Overall, seven works by Zao were offered in the sale, which together brought in a total of HKD 318.5 million ($41 million).
Chu The-Chen’s scroll titled La Lune broke a record for the artist’s work of calligraphy, which brought in HKD 4.7 million, besting its pre-sale estimate of HKD 300,000 to $600,000. Another work by the artist from 1983-84 Les éléments confédérés sparked a battle between four collectors, who brought the artist to a new high going for HKD 114 million ($14.7 million) against an estimate of HKD $300,000 to $500,000 ($38708-$64,514). The work surpassed the previous record of HKD 91.8 million record ($1.2 million).
Chinese octogenarian painter known for his fantastical scenes, Pang Jiun’s Monet’s Garden fetched HKD 7.4 million ($951,596), beating the artist’s record price of $818,296 set at Sotheby’s in 2019.
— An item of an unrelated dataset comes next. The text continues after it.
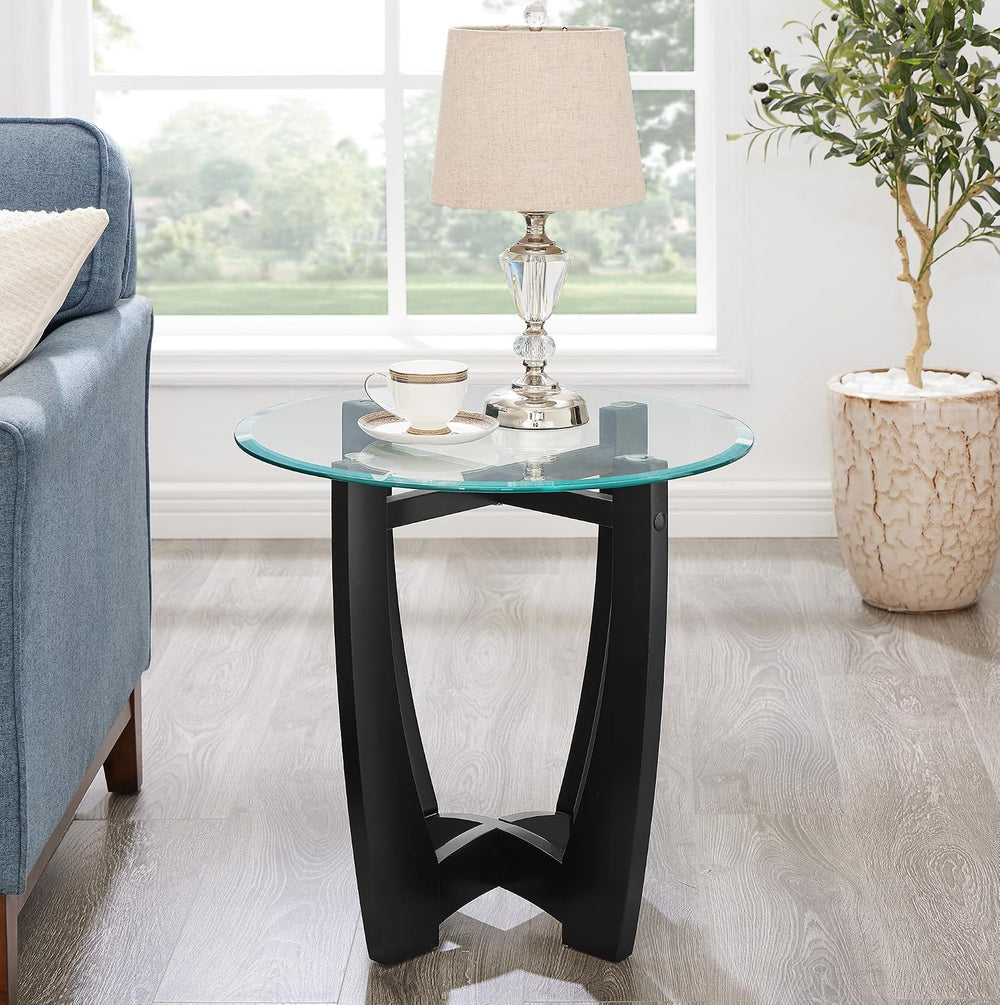 Round End Table with Clear Tempered Glass Top, Black Wood Base, 23.5 Inch, Co...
Sino-American artist Che Ting-Shih saw a new record with a large-scale pentaptych titled Four Seasons selling for HKD 1.5 million ($387,090). Contemporary Chinese painter Wu Guanzhong’s serene 1985 canvas Hometown of Lu Xun hammered at HKD 20 million ($2.58 million), besting its high estimate of HKD 7 million ($901,250-1,545,000) by three times after collecting 29 bids. It made 11.5 times its original selling price set in 2004 for HKD 1.74 million ($223,968 USD) in Sotheby’s Hong Kong, where it was purchased by the seller, doubling its low estimate of HKD 550,000 ($70,697).
Female Chinese painter Guan Zilan’s realized a record price with the sale of Portrait of a Girl from the 1930s. Held in just one private collection before coming to the market, the work more than doubled it pre-sale low estimate, reaching a total selling price of HKD 9.8 million ($1.26 million). The work was last exhibited in 1999 in a Taiwan exhibition.
George Mathieu, French painter and member of the Parisian postwar Tashime movement, had a horizontal abstract from 1982 come to auction for the first time, opening the sale as the first lot hammering at HKD 3.3 million. The painting tripled its low estimate after collecting 32 bids from buyers online and on the floor.
Following Sanyu’s Quatre Nu, Foujita’s Les Deux Seours saw a high level of interest with fast bids moving the final hammer price to HKD 8 million (1.1 million), surpassing the high estimate of HKD 600,000 ($774,180).